A question from a reader: I’m a 56-year-old woman, and I take calcium supplements. I have heard various opinions about how and when to take them. Should I take 1200 mg at once, or 600 in the morning and 600 at night? Is there anything I should not take calcium with? Thanks for the info.
According to the National Osteoporosis Foundation, adults 50 and over need 1,200 mg of calcium and 800 to 1,000 IU of vitamin D3 daily. The preferred source of calcium is calcium-rich foods, such as dairy products, tofu, certain green vegetables and foods that have been fortified with calcium.
If you are using a calcium supplement, the absorption of calcium depends on the total amount of calcium you take at one time and whether you take the calcium with food or on an empty stomach. When using a calcium supplement, the percent of calcium absorbed decreases as the amount of calcium in the supplement increases. Therefore, since you are using a 1200 mg calcium supplement, you should take 600 mg twice a day instead of 1200 mg calcium at one time.
Calcium and Medication InteractionsSeveral prescription and over-the-counter medications have the potential to interact with calcium supplements. If you are taking medications, talk with your healthcare provider or pharmacist about possible drug interactions. Also, medications that need to be taken on an empty stomach should not be taken at the same time as your calcium supplement.

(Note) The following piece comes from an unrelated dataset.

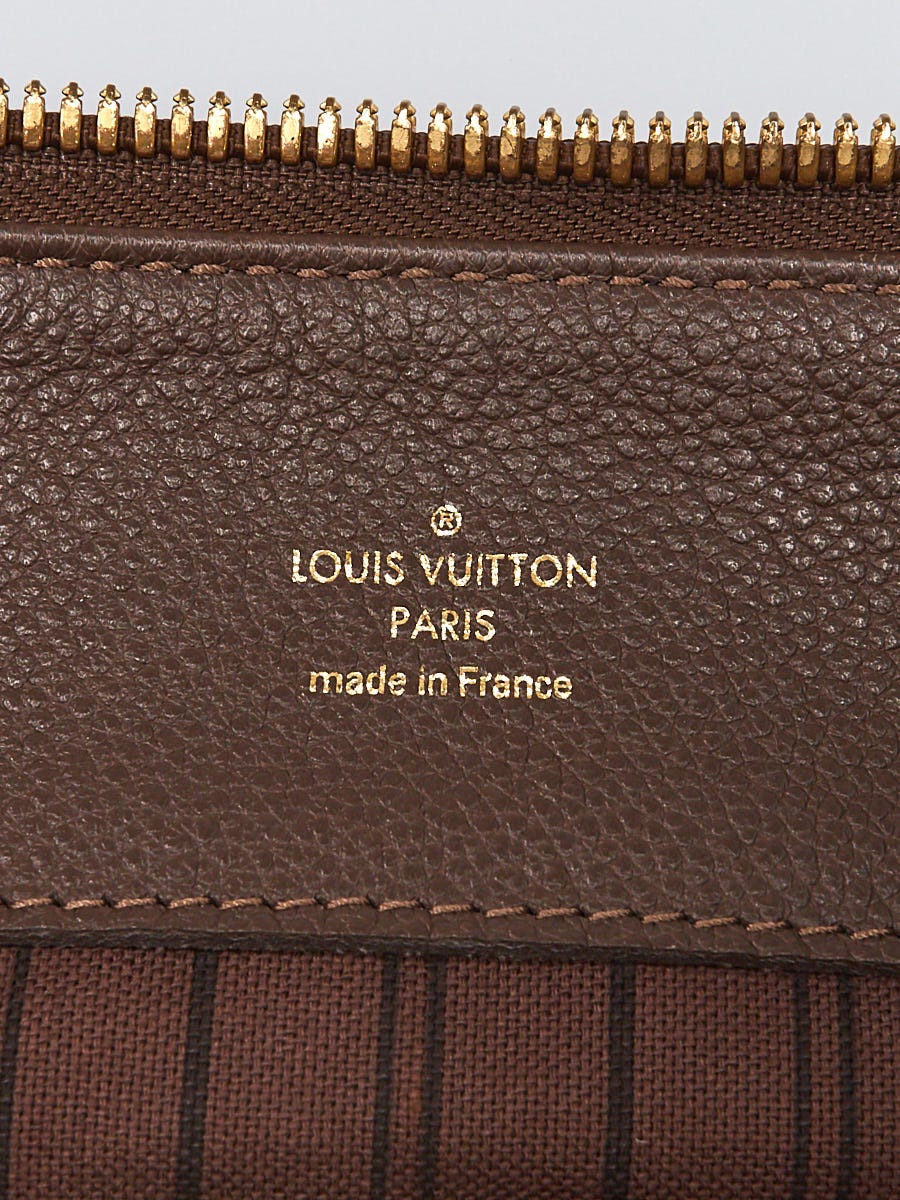 Louis Vuitton Ombre Monogram Empreinte Audacieuse MM Bag - Yoogi's Closet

Foods That Interfere with Calcium Absorption
There are several foods that can interfere with your body's ability to use calcium, including:
- Foods with high amounts of oxalate such as spinach, rhubarb and beet greens
- Foods with high amounts of phytate such as pinto beans, navy beans and peas
- 100% wheat bran
If you consume any of these foods, you can take your calcium supplement two or more hours before or after eating them.